Note: Crawler function is hosted on Datacenter Site-Coordinator [SC] server.
|Resolution||On your "RSA DLP Enterprise-Manager" webinterface, go to "settings" then "Fingerprint Crawler Manager".|
First: Start configuring the basic Crawler settings as shown below.
1- Crawler Name: Name associated with the crawler configuration. Used by EM to manage the different crawlers.
2- Resulting Content Blade Name: Name of the Content blade that will be created upon successull run of this crawl configuration.
3- Run At Site (Drop down): Drop down box that enumerates the list of available sites and lets the user choose the one under which the crawler has to be run.
4- Credentials (User/Pass): Credentials to the Site Coordinator. Only an authorized user can run the crawler within a Site.
5- File Content Match:
Full And Partial Text -> Collects fingerprints on partial and full textual content.
Full Binary -> Collect fingerprints on binary content.

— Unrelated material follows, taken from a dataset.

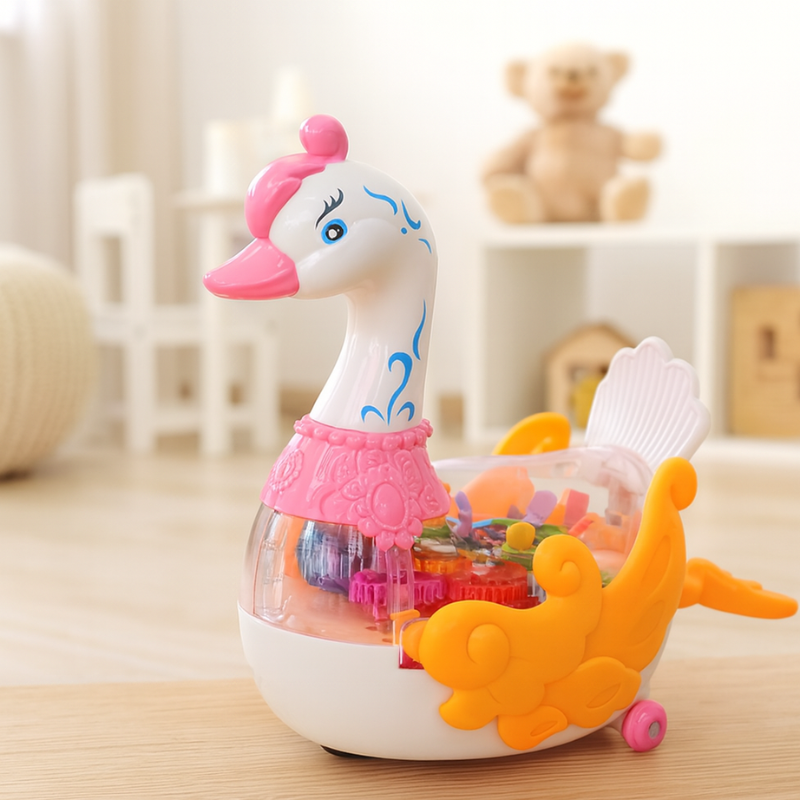 Battery-operated Kids' Musical Dancing Swan Toy with glowing lights for early learning fun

6- Full UNC Path: UNC Path to a file or directory whose contents need to be fingerprinted. One or more paths may be added. Options available against each path that allows user to enter credentials
for that path. This will enable the crawler to crawl files across domains.

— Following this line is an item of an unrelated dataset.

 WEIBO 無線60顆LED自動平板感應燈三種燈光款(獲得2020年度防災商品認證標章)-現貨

7- Default User Credentials: The default credentials to use to connect to any of the file shares pointed by the paths when credentials for individual paths is not given.
Second: Start configuring the Crawler Advanced options for exclusions as shown below.
1- Advanced Options: Advanced options are used to refine the crawler configuration. They allow an user to specify inclusion and exclusion rules to narrow down the files that need to be fingerprinted from the paths given above. The values can be either simple strings or Regular expressions. The regular expression syntax can be validated before saving the configuration.
How to validate the execution of the "Crawler function" and that exclusions have been applied?
Once the status of the "Crawler function" on the EM webinterface shows completed, please open "more info" tab to have a look on the summary of the "crawler function" execution and verify if the exclusions on the target-scan have been applied or not by validating no. "Files Fingerprinted" & no. of files "Filtered from Fingerprint".
As per the example shown in the below picture, "crawler function" ran over a target-scan folder than contains four text files in which two of them have been excluded using "File extensions" .xlsx & .docx, the result of "Files Fingerprinted" shows TWO & "Filtered from Fingerprint" shows Two.